▶ What to work on: Exactly as written, copy the lines of the data below from the first through the one containing "SEO in 2025: Smarter".

▶ Provided records:
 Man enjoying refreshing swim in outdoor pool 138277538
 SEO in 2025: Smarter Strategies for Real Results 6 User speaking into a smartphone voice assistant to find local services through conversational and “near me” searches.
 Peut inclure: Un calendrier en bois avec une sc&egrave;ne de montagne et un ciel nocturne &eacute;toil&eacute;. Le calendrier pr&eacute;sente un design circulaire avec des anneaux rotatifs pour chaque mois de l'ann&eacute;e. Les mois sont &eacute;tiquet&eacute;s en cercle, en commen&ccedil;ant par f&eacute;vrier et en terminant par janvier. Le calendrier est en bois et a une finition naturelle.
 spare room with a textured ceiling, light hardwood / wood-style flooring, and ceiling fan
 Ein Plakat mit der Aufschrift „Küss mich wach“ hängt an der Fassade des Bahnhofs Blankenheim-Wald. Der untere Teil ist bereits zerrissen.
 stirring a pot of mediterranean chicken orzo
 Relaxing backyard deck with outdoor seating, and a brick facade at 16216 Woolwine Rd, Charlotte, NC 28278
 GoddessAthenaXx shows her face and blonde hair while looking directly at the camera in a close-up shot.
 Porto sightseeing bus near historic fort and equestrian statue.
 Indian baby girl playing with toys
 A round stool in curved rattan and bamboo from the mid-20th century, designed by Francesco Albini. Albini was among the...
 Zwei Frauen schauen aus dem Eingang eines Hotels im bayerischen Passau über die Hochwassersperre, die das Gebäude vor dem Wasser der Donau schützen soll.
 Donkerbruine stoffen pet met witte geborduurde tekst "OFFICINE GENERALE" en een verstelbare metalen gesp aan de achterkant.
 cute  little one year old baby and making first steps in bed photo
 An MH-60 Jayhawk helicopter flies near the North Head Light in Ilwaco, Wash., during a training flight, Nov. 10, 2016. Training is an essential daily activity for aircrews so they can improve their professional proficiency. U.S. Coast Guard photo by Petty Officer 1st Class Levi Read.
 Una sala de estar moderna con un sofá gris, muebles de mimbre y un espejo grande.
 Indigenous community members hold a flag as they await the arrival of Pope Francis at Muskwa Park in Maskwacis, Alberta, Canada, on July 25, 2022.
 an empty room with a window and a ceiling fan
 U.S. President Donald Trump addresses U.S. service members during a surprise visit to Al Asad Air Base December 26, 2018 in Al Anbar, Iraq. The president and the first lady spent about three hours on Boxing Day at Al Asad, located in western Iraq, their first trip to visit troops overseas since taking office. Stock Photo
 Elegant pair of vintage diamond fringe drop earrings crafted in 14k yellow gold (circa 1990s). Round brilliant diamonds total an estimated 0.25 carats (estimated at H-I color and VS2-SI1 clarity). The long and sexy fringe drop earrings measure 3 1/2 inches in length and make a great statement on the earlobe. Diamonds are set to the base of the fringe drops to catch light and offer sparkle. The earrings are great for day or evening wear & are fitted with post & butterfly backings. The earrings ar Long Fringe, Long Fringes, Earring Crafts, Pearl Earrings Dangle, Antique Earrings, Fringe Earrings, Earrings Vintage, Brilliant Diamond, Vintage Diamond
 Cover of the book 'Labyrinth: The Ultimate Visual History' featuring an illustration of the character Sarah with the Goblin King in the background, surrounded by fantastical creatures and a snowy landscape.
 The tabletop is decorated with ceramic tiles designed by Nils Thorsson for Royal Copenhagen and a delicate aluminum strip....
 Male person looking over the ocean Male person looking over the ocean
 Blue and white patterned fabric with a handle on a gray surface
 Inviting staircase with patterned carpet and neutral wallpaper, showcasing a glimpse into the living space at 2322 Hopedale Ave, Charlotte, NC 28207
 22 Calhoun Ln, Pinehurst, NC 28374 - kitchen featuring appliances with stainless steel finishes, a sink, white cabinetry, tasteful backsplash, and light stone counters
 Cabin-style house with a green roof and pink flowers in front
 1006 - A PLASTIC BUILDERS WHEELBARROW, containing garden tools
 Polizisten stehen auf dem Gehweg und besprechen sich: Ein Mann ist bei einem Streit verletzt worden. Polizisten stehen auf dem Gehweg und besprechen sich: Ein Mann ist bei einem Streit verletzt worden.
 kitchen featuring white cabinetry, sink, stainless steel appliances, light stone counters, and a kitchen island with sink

▶ Written response:
 Man enjoying refreshing swim in outdoor pool 138277538
 SEO in 2025: Smarter Strategies for Real Results 6 User speaking into a smartphone voice assistant to find local services through conversational and “near me” searches.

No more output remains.